This will be a particularly busy week in the poetry scene in Spokane. Here’s what’s coming up:

Release party for “Ourself,” by Dennis Held, today, 3 p.m. at the John F. Thamm Gallery, 11 S. Washington St. – Held, a Spokane poet and owner of the Area 58 gallery and store, will read from his new volume, published by the Gribble Press, which “makes the personal into a universal world we all share,” according to the publisher.

In addition, all local poets are invited to bring a poem to read aloud. The open mic will begin at 3 p.m., and Held’s presentation will begin at 3:30. There will be no cover charge and light refreshments will be served.

Marjorie Perloff lecture, Tuesday, 7:30 p.m., Wolff Auditorium at Gonzaga University – Perloff is a respected poetry and art scholar who will lecture on “The Madness of the Unexpected: Marcel Duchamp and High/Low Controversy.”

She is a professor emerita of English at Stanford University and scholar-in-residence at the University of Southern California. The subject will be visual art but poetry will probably come up as well, since Perloff is considered one of the foremost critics of contemporary poetry.

An Evening of Poetry and Prose, Wednesday, 6:30 p.m., Hagan Foundation Center for the Humanities, library second floor, Building 16, Spokane Community College, 1810 N. Greene St. This installment of the Beacon Hill Reading Series will feature three local writers reading from their works.

Tom Gribble is a teacher at SCC whose work has appeared in dozens of journals. Erin Pringle is a Spokane Falls Community College teacher whose fiction has been nominated for a Pushcart Prize.

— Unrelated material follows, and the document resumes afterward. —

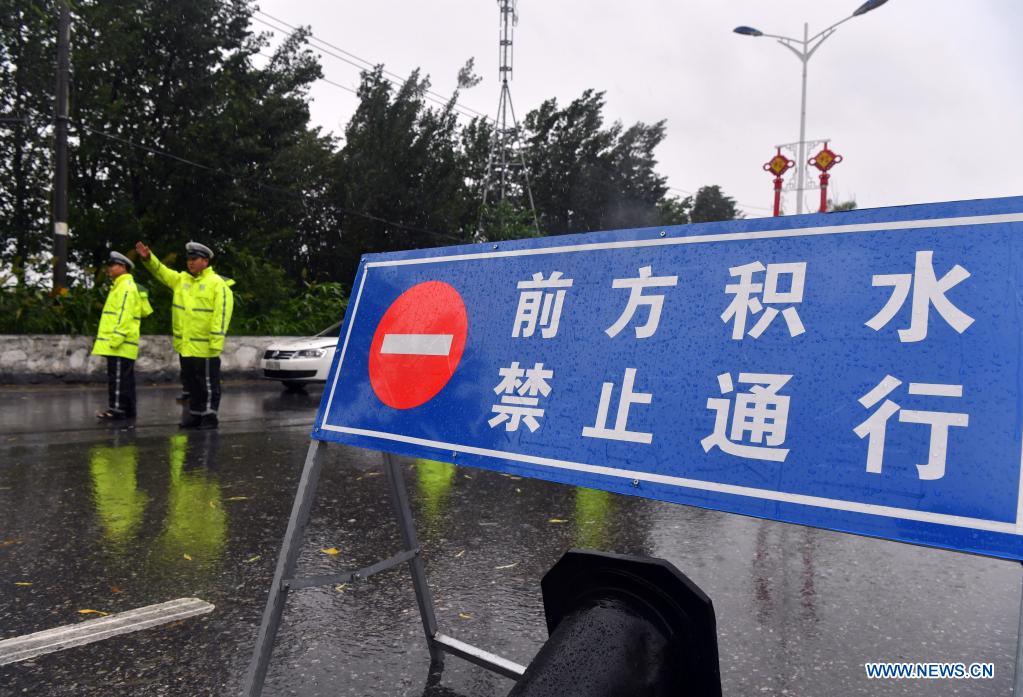 Policemen direct traffic at a waterlogged area in Jiaozuo, central China's Henan Province, July 20, 2021. Rivers in Jiaozuo have witnessed rising water level as continuous rainfalls recently hit the city. Local authorities have organized flood-control workers to patrol the city around the clock and eliminate hidden dangers to protect the safety of people's lives and property. (Xinhua/Li Jianan)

Tod Marshall teaches at Gonzaga University and his most recent book of poetry, “The Tangled Line,” was a finalist for the Washington State Book Award.

This event is free and open to the public.

‘Blind Your Ponies’

Here’s some advance notice on an author whose novel “Blind Your Ponies,” about a high school basketball coach in tiny Willow Creek, Mont., has become a publishing phenomenon.

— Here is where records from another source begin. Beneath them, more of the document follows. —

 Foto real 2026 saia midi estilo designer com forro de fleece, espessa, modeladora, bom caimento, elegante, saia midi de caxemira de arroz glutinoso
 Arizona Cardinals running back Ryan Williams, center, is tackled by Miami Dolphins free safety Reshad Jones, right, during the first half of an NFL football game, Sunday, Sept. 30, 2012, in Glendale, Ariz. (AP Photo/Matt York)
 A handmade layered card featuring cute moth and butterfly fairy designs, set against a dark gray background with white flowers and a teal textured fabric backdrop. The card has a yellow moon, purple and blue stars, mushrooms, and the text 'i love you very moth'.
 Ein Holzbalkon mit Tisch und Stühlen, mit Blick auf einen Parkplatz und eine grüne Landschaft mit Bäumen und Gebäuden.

Stanley Gordon West, a struggling Minnesota author, self-published the novel and sold it from the trunk of his car. Slowly word spread and he ended up selling an astonishing 42,000 copies.

Ten years later, in summer 2009, a major national publisher, Algonquin Books, picked it up and has launched a handsome trade paperback edition.

West, 78, will be coming to Auntie’s Bookstore, 402 W. Main Ave., on Feb. 15, 7 p.m., to read from this book – and to talk about the journey of the book itself.